--- INFORMATION GIVEN Enclosed Below ---
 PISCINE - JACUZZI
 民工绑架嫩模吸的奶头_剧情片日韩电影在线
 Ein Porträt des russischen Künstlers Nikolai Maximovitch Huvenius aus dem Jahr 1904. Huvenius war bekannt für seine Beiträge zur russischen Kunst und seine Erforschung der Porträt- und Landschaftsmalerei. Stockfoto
--- End of Enclosed INFORMATION GIVEN ---
--- INFORMATION GIVEN Enclosed Below ---
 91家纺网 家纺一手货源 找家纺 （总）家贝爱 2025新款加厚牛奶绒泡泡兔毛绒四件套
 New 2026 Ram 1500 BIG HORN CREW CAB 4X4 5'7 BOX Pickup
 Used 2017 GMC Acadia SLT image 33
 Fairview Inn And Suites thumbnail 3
--- End of Enclosed INFORMATION GIVEN ---
--- INFORMATION GIVEN Enclosed Below ---
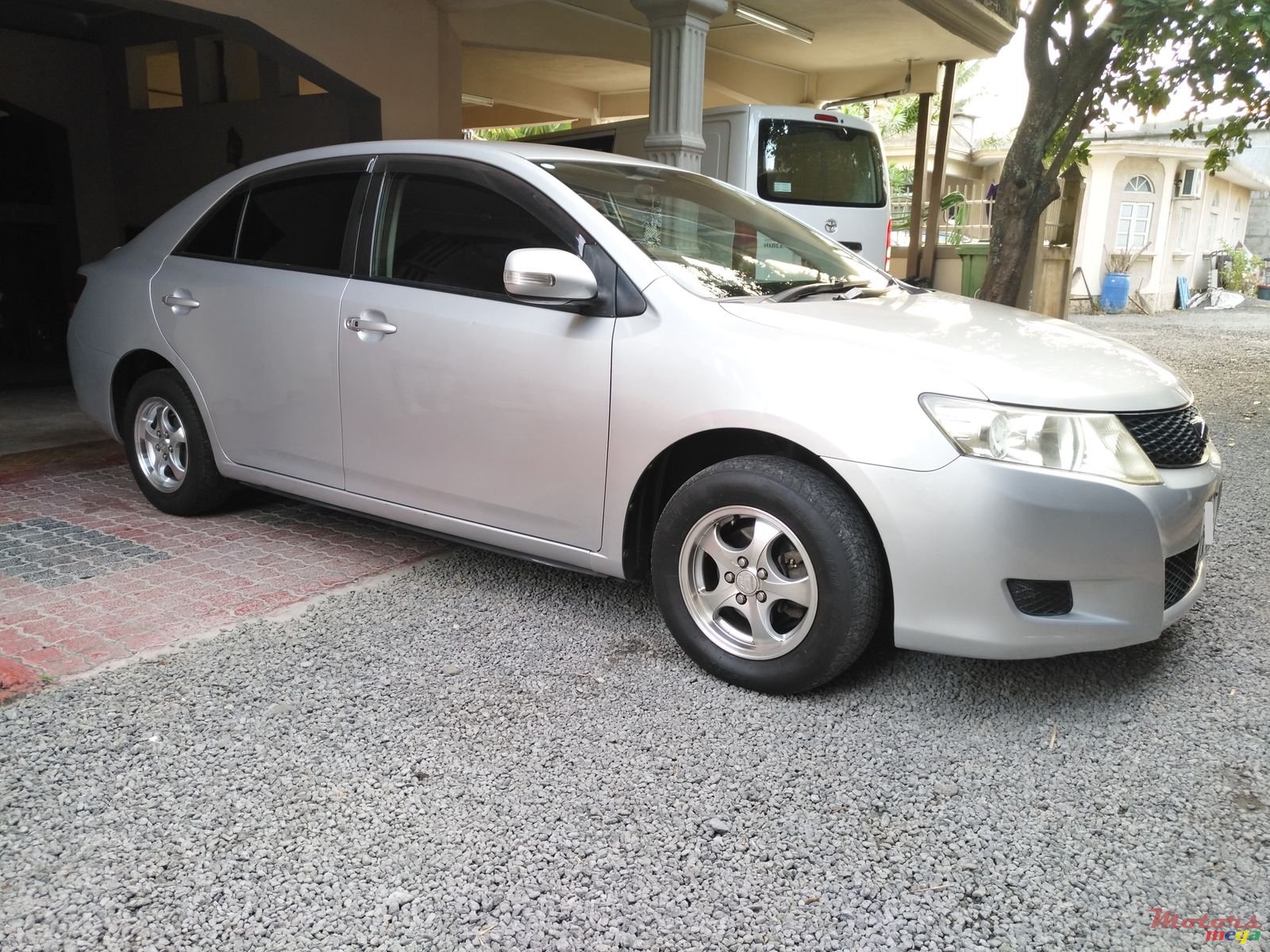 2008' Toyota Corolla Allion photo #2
--- End of Enclosed INFORMATION GIVEN ---
_WHAT YOU WILL DO:_ Retype, in the same exact form, the lines of the material above from the line holding "PISCINE - JACUZZI" through the line holding "Ein Porträt des".

_EXERCISE RESULT:_
 PISCINE - JACUZZI
 民工绑架嫩模吸的奶头_剧情片日韩电影在线
 Ein Porträt des russischen Künstlers Nikolai Maximovitch Huvenius aus dem Jahr 1904. Huvenius war bekannt für seine Beiträge zur russischen Kunst und seine Erforschung der Porträt- und Landschaftsmalerei. Stockfoto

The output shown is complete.